Donnerstag, 15. September 2011

Echtleben


Foto: Thomas Schweigert

"Du solltest unbedingt das neue Buch von Katja Kullmann lesen", sagte ich kürzlich einer Freundin, während uns am wohl letzten Spätsommertag dieses Jahres bei Kaffee und Kuchen die ersten gefärbten Blätter um die Ohren wehten und wir über den Berufsstand der freien Journalisten diskutierten.

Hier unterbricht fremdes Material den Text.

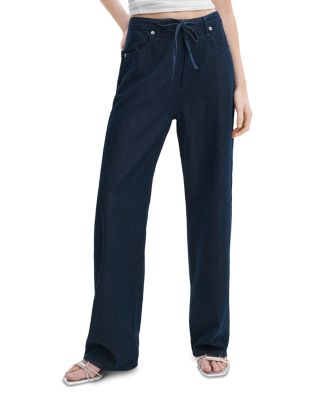 Phoebe High Rise Drawstring Wide Leg Jeans in Dusk Rinse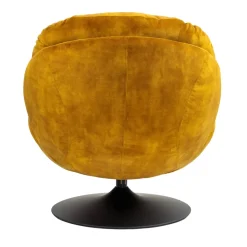 Poltrona girevole in velluto (seduta 46 cm) Lomy Giallo ocra
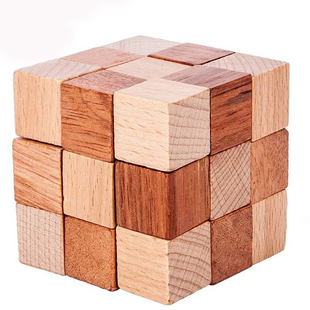 神龙摆尾 魔方 成人儿童古典解锁益智玩具 榉木红橡孔明锁鲁班锁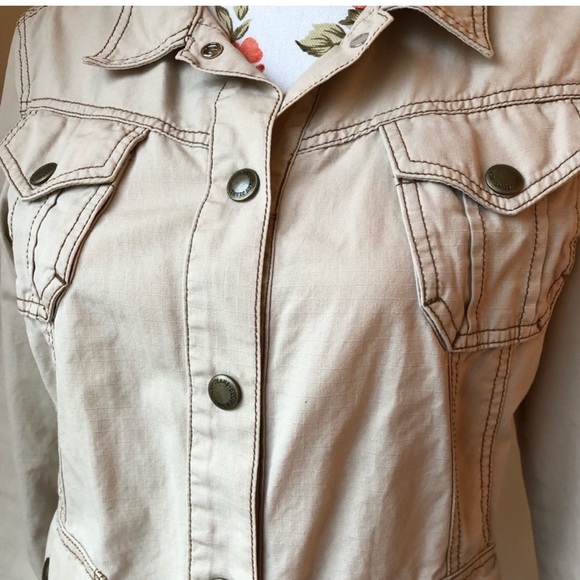 🤑DKNY Jeans Utility Jeans Style Cotton Jacket Tan - Picture 7 of 7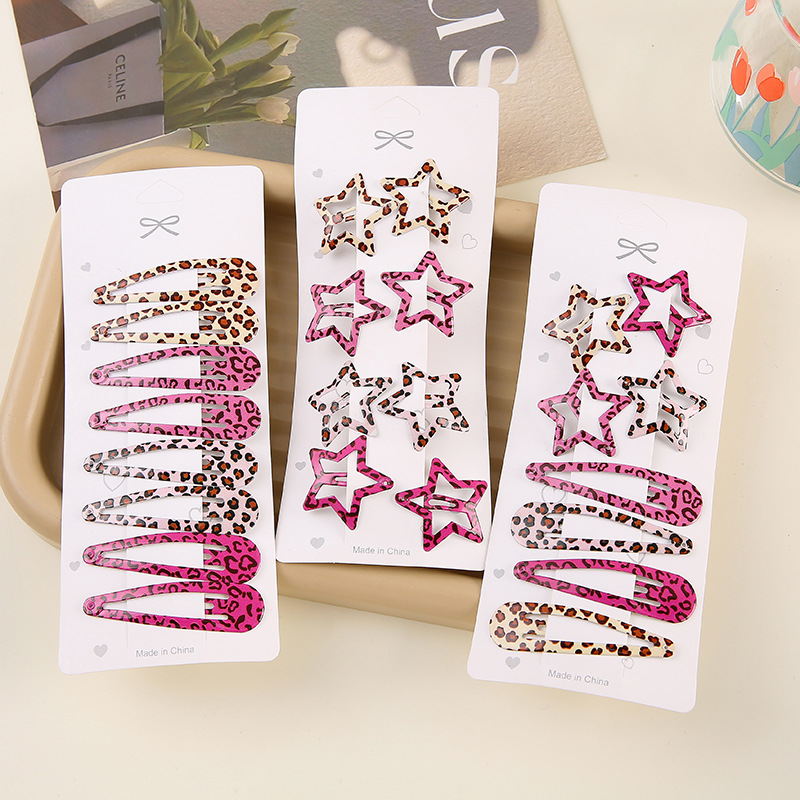 Hair Care Gift Set - Basit Leopar Desenli Toka Seti Kadın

Sofort stand fest, das wir beide dieses Arbeitsmodell lieben, die Möglichkeit, sich seine Zeit und Arbeit frei einzuteilen und den Alltagstrott mit wechselnden Projekten und Unternehmungen zu bekämpfen. Die Möglichkeit. Denn nicht nur in Berlin ist es alles andere als leicht, sich als Vertreter der schreibenden Zunft eine gewisse Position zu sichern - nicht nur unterbieten Journalisten sich Honorartechnisch gesehen häufig gegenseitig ("Es gibt immer jemanden, der es für noch weniger machen würde"), auch Auftraggeber haben in dieser Hinsicht nicht immer Anstand. Es muss eben an allem gespart werden, fangen wir doch bei den Freien an.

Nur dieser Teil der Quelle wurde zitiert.